- **Work to complete**: Leave the pictures out and return every line below exactly.

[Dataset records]
· · · · · · ·

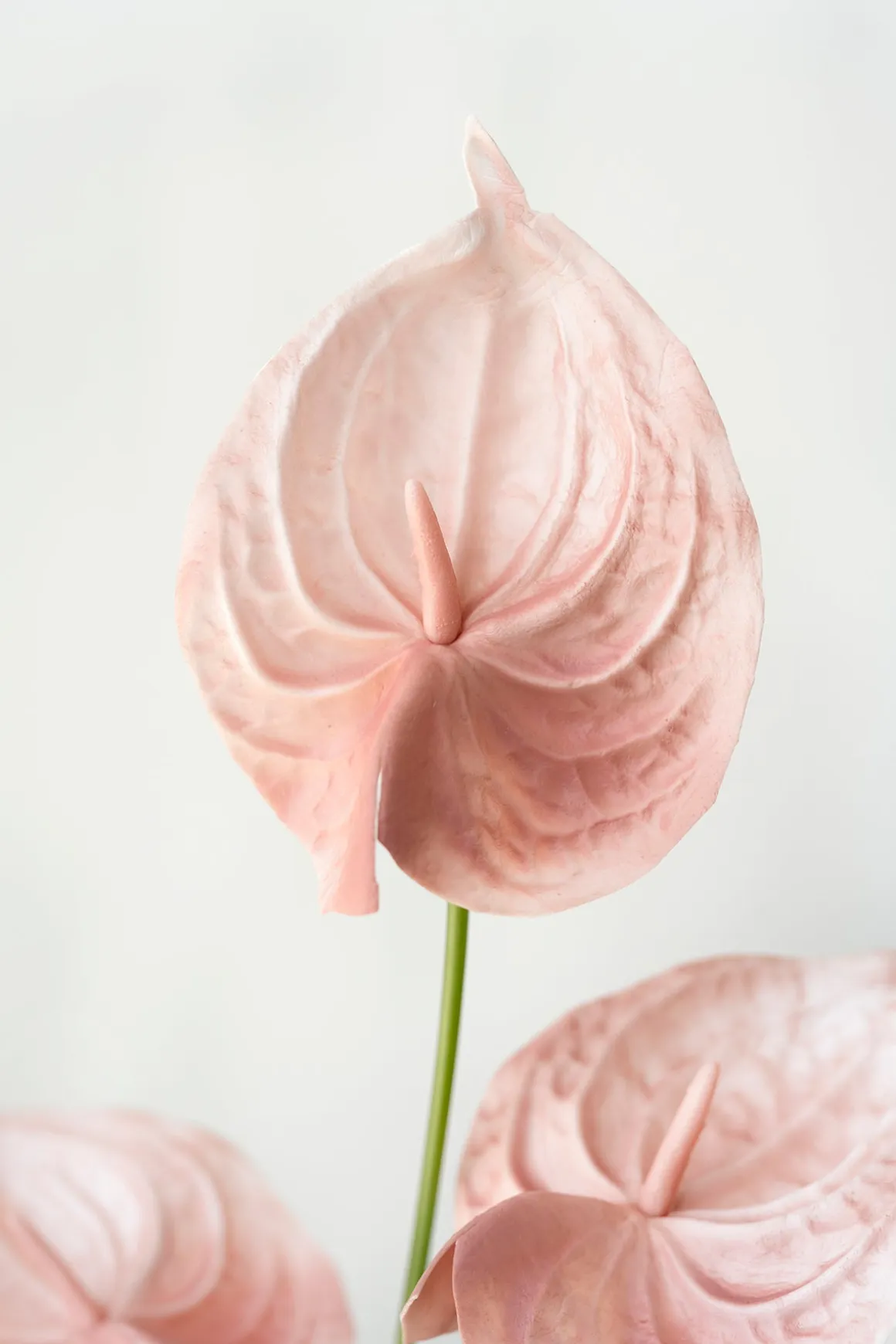 DIY Supporting Flower Boxes in Tropical Citrus & Pink
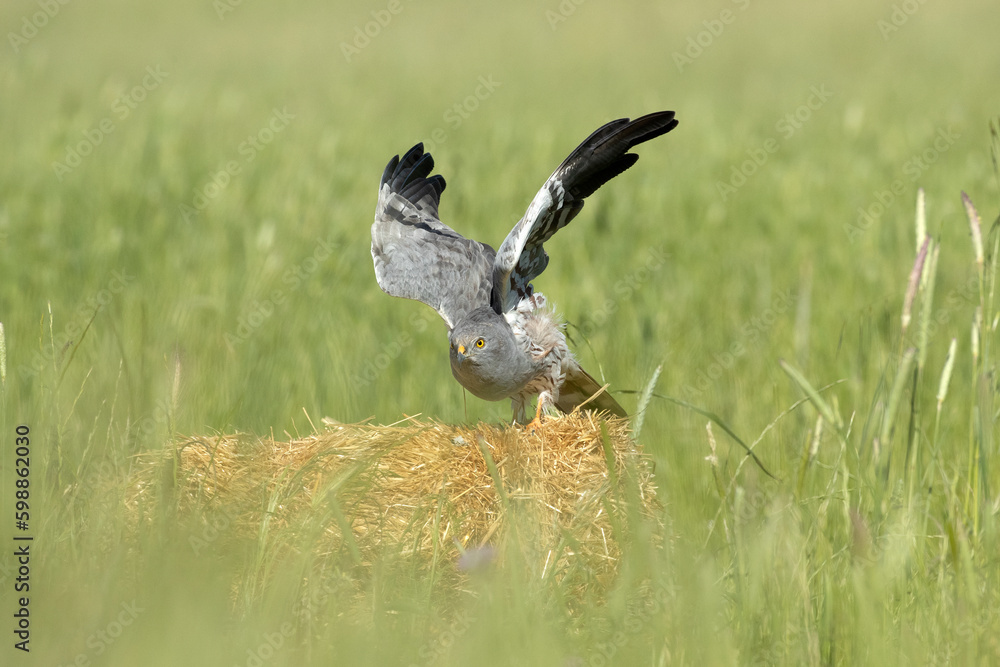 Fototapeta premium Male Montagu's harrier on his favorite perch in a ceral field within his breeding territory at first light on a spring day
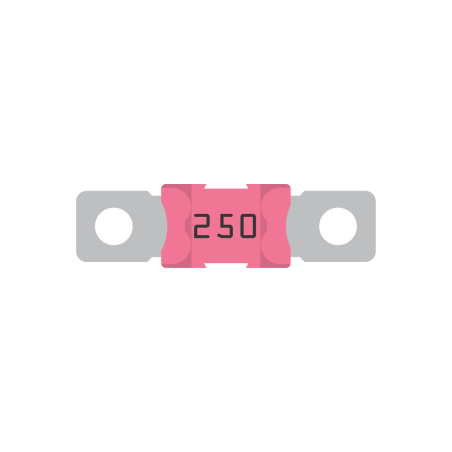 MEGA-fuse 250A/58V voor 48V producten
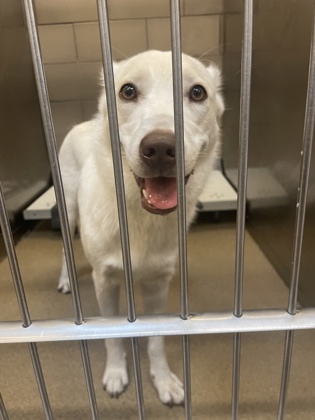 Shelter Stray Female Dog last seen DeSoto, TX 75115, Cedar Hill, TX 75104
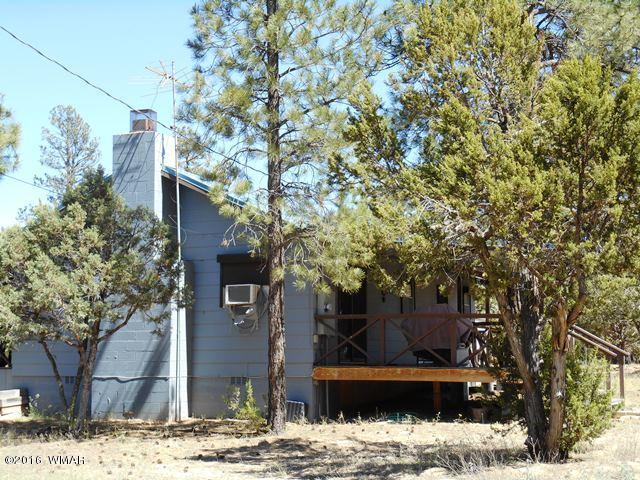 3314 Oxbow Bend Overgaard, AZ 85933 - Photo 3 of 40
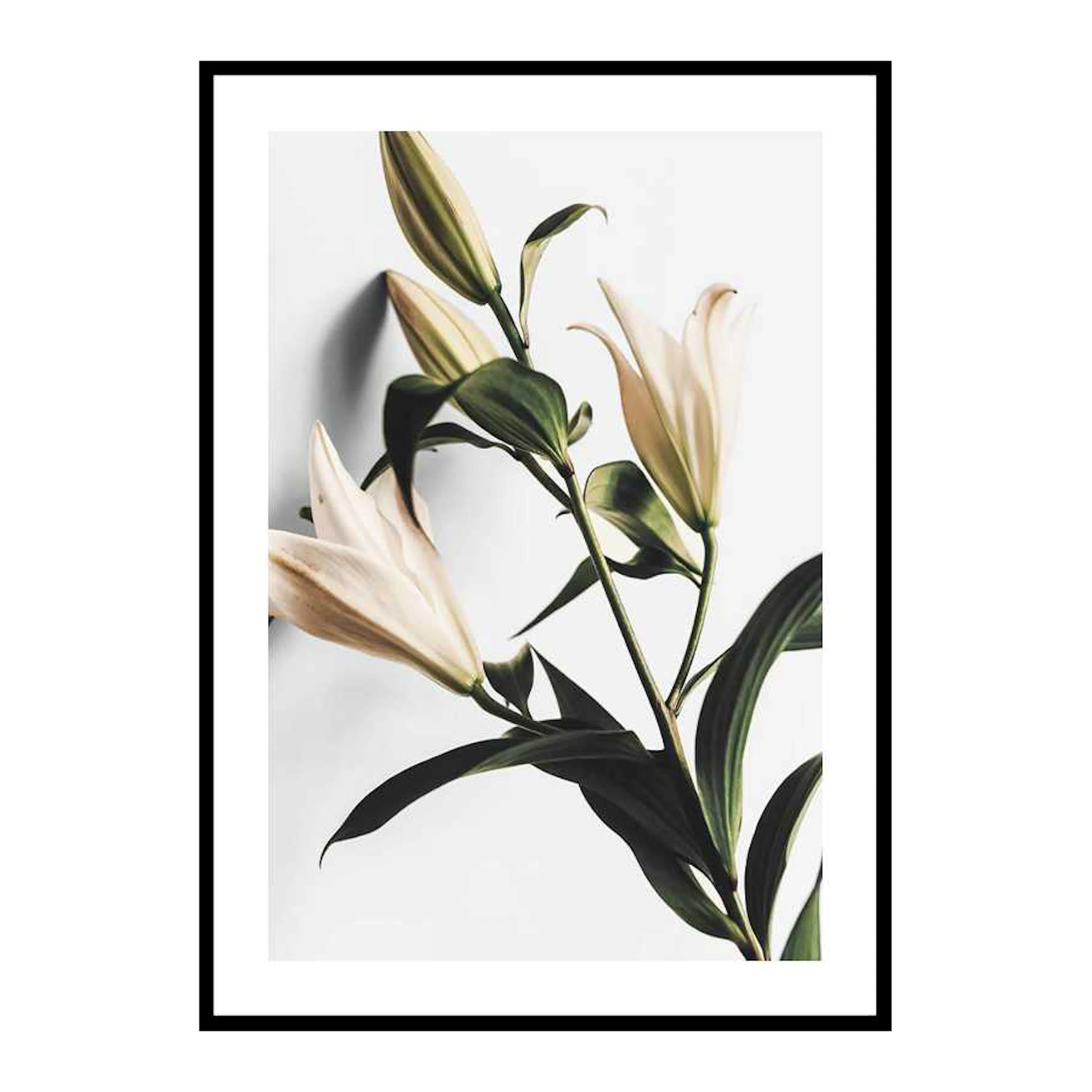 Lilies 30x40 cm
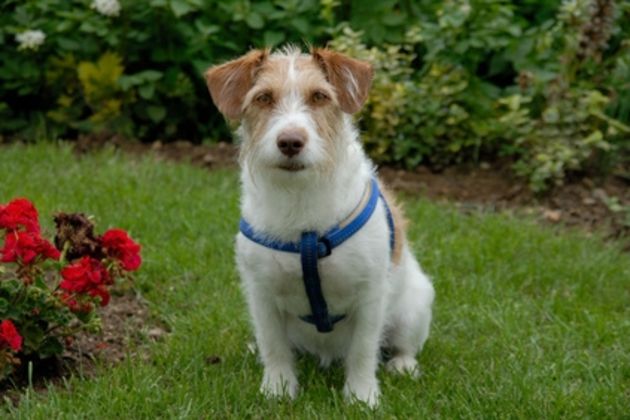 How to Stop Dogs From Digging Holes in the Yard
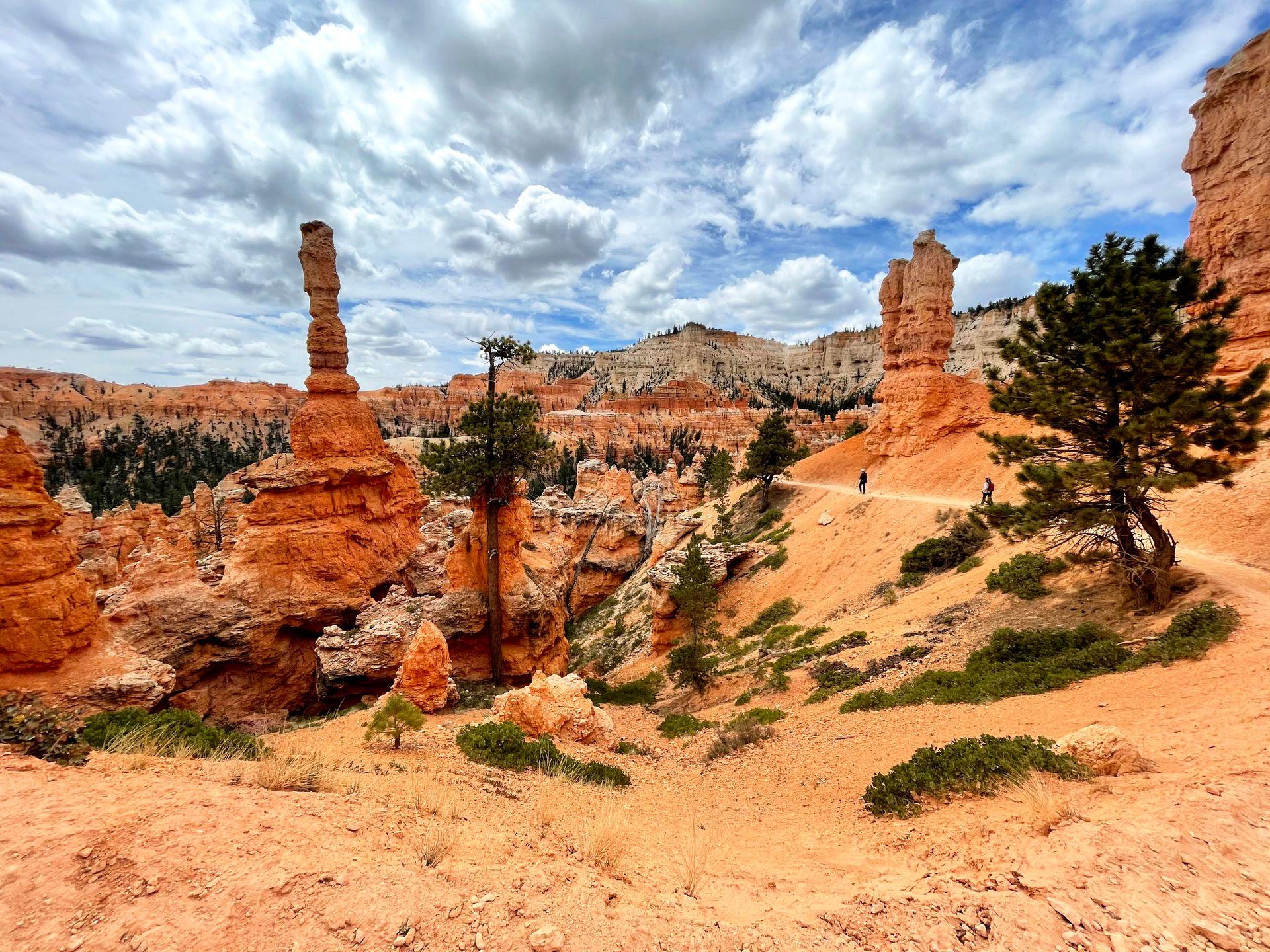 A trail and orange hoodoos on the Peekaboo Trail in Bryce Canyon.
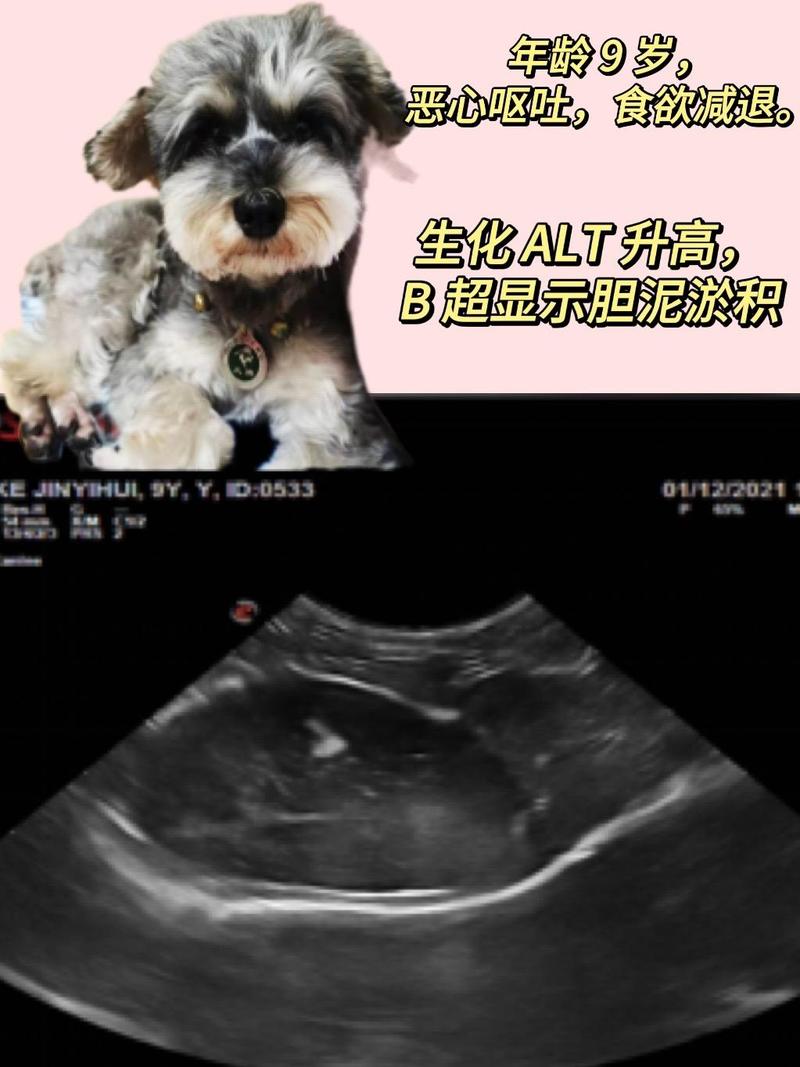 狗狗胆囊炎会导致crp升高?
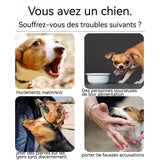 Collier anti aboiement chien avec télécommande étanche IP67 rechargeable collier anti aboiement pour chien anti aboiement chien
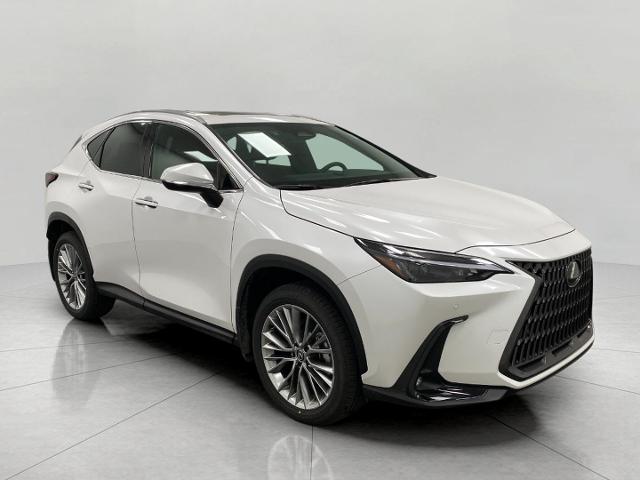 2025 Lexus NX 350 Vehicle Photo in Appleton, WI 54913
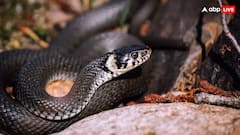 भारत के इस राज्य में सबसे ज्यादा सांप, जानिए इनमें से कितने होते हैं जहरीले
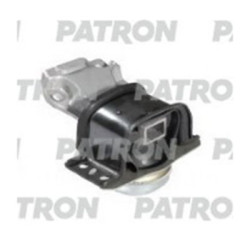 PSE30482
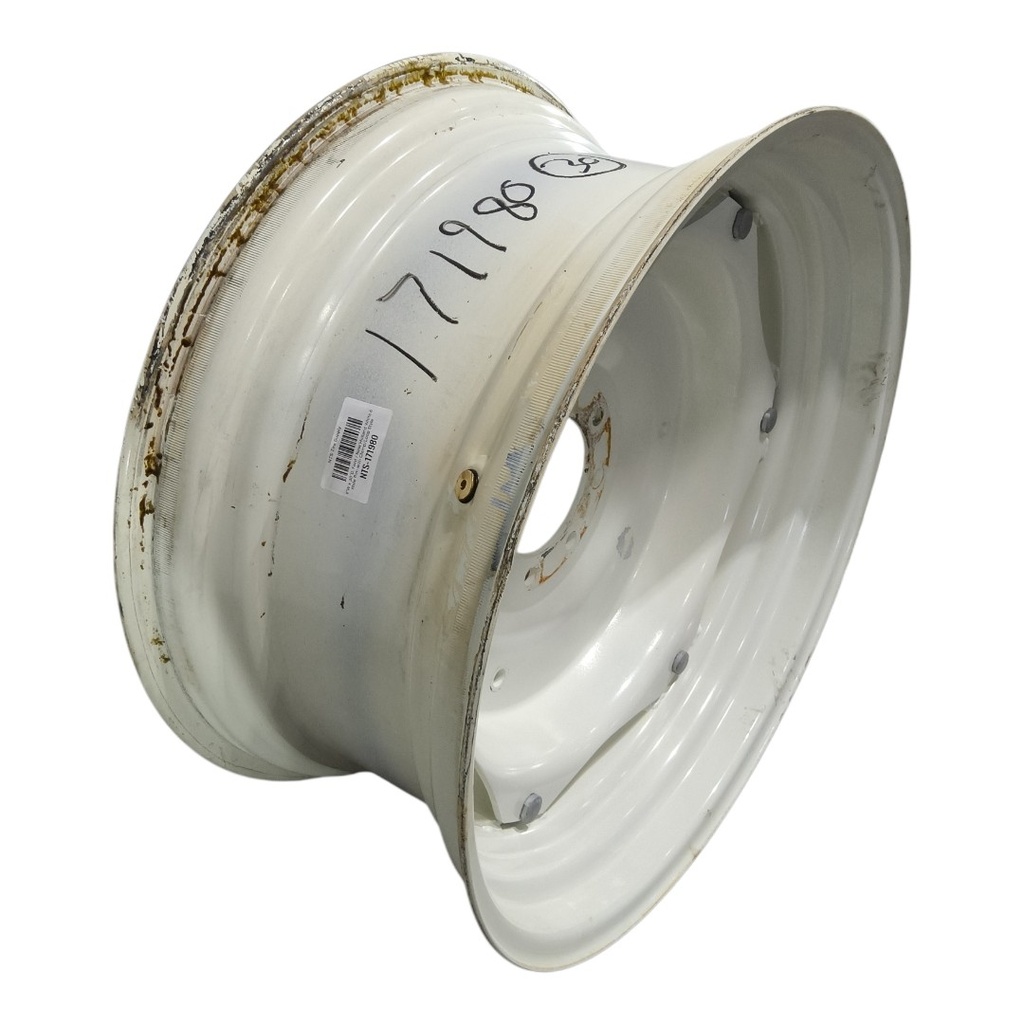 14"W x 30"D, Ford / New Holland White 6-Hole Rim with Clamp/Loop Style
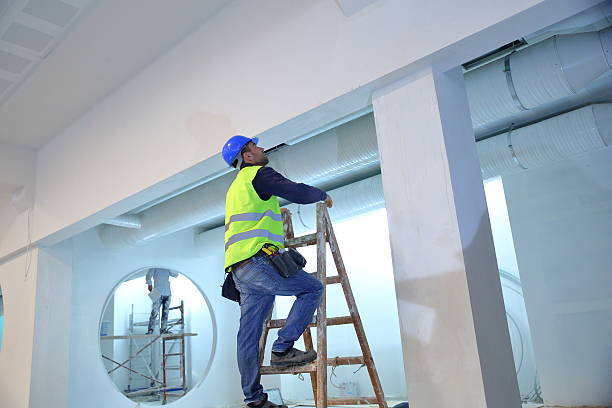 Mold Odor Removal Services in South Weber, UT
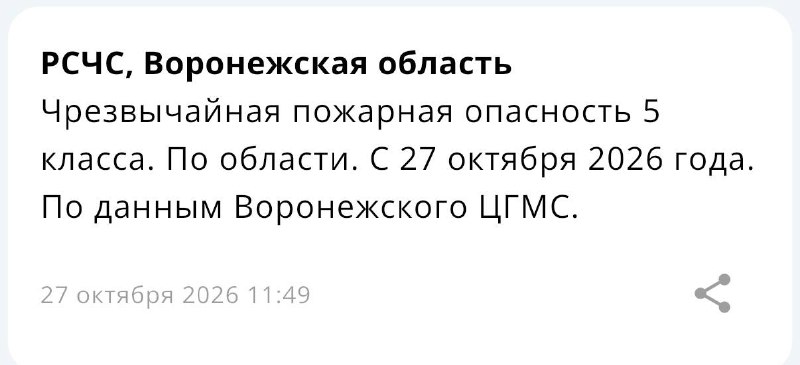 Фото поста канала  Большой воронежский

· · · · · · ·

- **Result of the task**:
 DIY Supporting Flower Boxes in Tropical Citrus & Pink
 Fototapeta premium Male Montagu's harrier on his favorite perch in a ceral field within his breeding territory at first light on a spring day
 MEGA-fuse 250A/58V voor 48V producten
 Shelter Stray Female Dog last seen DeSoto, TX 75115, Cedar Hill, TX 75104
 3314 Oxbow Bend Overgaard, AZ 85933 - Photo 3 of 40
 Lilies 30x40 cm
 How to Stop Dogs From Digging Holes in the Yard
 A trail and orange hoodoos on the Peekaboo Trail in Bryce Canyon.
 狗狗胆囊炎会导致crp升高?
 Collier anti aboiement chien avec télécommande étanche IP67 rechargeable collier anti aboiement pour chien anti aboiement chien
 2025 Lexus NX 350 Vehicle Photo in Appleton, WI 54913
 भारत के इस राज्य में सबसे ज्यादा सांप, जानिए इनमें से कितने होते हैं जहरीले
 PSE30482
 14"W x 30"D, Ford / New Holland White 6-Hole Rim with Clamp/Loop Style
 Mold Odor Removal Services in South Weber, UT
 Фото поста канала  Большой воронежский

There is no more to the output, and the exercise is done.